Урбанизация сама по себе мобилизует труд в сельской местности, которая одновременно уплачивает городу налог и сбывает необходимые сельскохозяйственные продукты и сырье. Налогообложение не мешает обогащению селянам, которые, размножаясь, удовлетворяют запросы горожан, что позволяет далее поднимать ставку обложения, а следовательно, - способствовать дальнейшему разрастанию города и его спроса, что, в свою очередь, обогащает село и т.д. «Так образуется поистине благодетельный круг (cercle vertueux), из которого извлекают пользу как город, так и сельская

округа. Единственное и обязательное условие, которое он предполагает, - население должно оставаться безоружным. По сути же, весь процесс в совокупности опирается на фундаментальное неравенство - между элитами и подданными, между городами и всем остальным, между теми, кто взимает налог, и теми, кто его вносит. Налог - это, говорит Ибн Халдун, унижение, с которым люди свободные и вооруженные не примирятся. Государство, таким образом, есть процесс цивилизации во всех смыслах: оно увеличивает богатство, население и процветание, но в то же время обезоруживает и принуждает к гражданской жизни - силой, конечно же, но и образованием и внушением законопослушания. Ибн Халдун, не колеблясь, пишет, что логика действий государства - в распространении малодушия и противодействии всем видам сплоченности среди своих подданных. Это население, многочисленное, относительно благополучное, безоружное, индивидуалистически настроенное и обязанное уплачивать налог, живущее под государственным контролем, он называет "оседлые"» (с. 17).

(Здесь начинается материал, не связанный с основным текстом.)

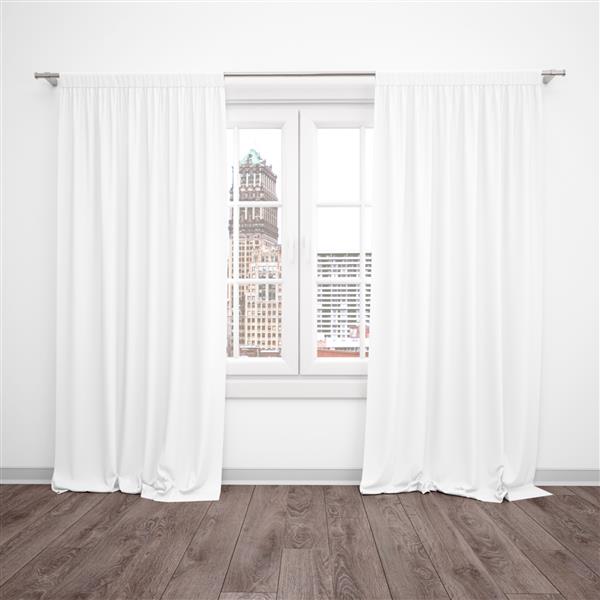 پنجره با پرده های سفید اتاق خالی با کف چوبی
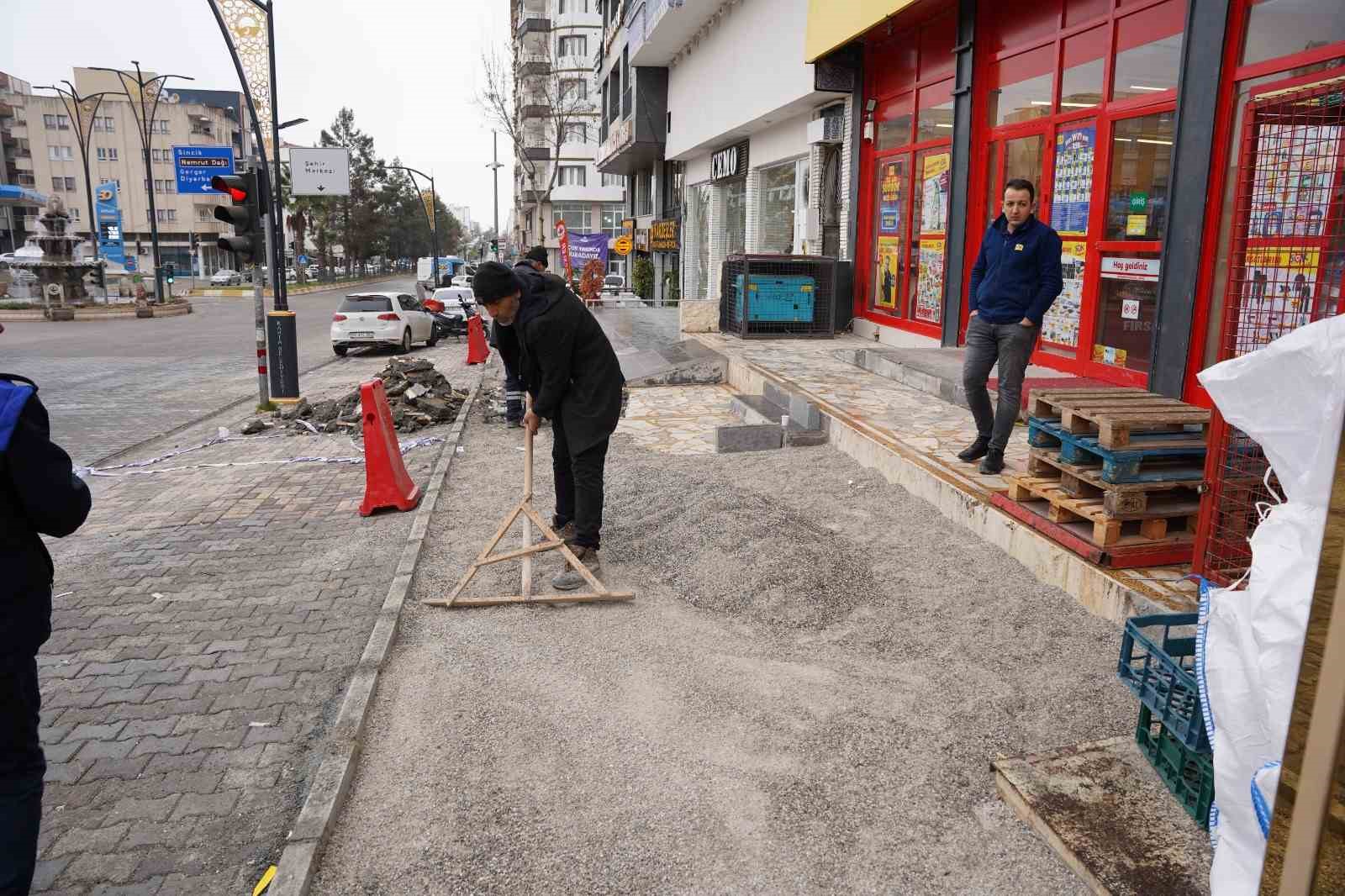 Başkan Hallaç: “Yol ve kaldırım çalışmalarımız devam ediyor”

Из сказанного следует вывод: государство страдает от внешне непреодолимого противоречия. Для устрашения своего народа, сбора налогов и защиты своего стада от хищников извне ему нужна боевая сила, которую оно в данных условиях вынуждено искать вовне, т.е. в мире порубежных племен, которые не платят налоги, но - следовательно - не разоружены. Само выживание таких общностей численностью в несколько сот или, максимум, несколько тысяч индивидов зависит от их способности дать отпор на агрессию и, в особенности, от сплоченности перед лицом нападений других родов, голодовок, вдовства и старости. «Таким образом, род или племя выполняет (неудовлетворительно) функции, которые в оседлом обществе препоручены государству. Именно эту сплоченную силу племен, которую Абу Зайд ибн Халдун называет асабийа, государство покупает для обеспечения тех функций насилия (военного или полицейского), в которых нуждается. Здесь, как и в случае с экономическим процессом, государство привносит специализацию. Оно резервирует функции насилия за ограниченными группами солдат или воинов, которых приобретает в племенных обществах, а громадное большинство своего населения, напротив, предназначает для производственной деятельности. Можно сказать, что в отсутствие этой специализации функций, с одной стороны,

производительных и ненасильственных, с другой - насильственных, для Ибн Халдуна не существует и государства. Таков подлинный смысл, который он вкладывает в термины «бедуин» (наделенный функцией государственного насилия) и «оседлый» (предназначенный для функции производства). «В этом, решающем, отношении греческий полис не есть государство, поскольку производят и сражаются одни и те же люди. Эпопея солдат-граждан, моряков или земледельцев Афин, так сильно питавшая политическое воображение "демократической" Европы конца ХУШ-Х1Х в., оставила бы Ибн Халдуна совершенно равнодушным, знай он лучше историю. Он увидел бы в полисе всего лишь полуплеменное политическое образование, примитивное и слишком рудиментарное, чтобы достичь разделения функций на насилие и производство, характерного для более совершенных государств» (с. 19). Безгосударственные общества для него - «бедуинские», иными словами, «племенные».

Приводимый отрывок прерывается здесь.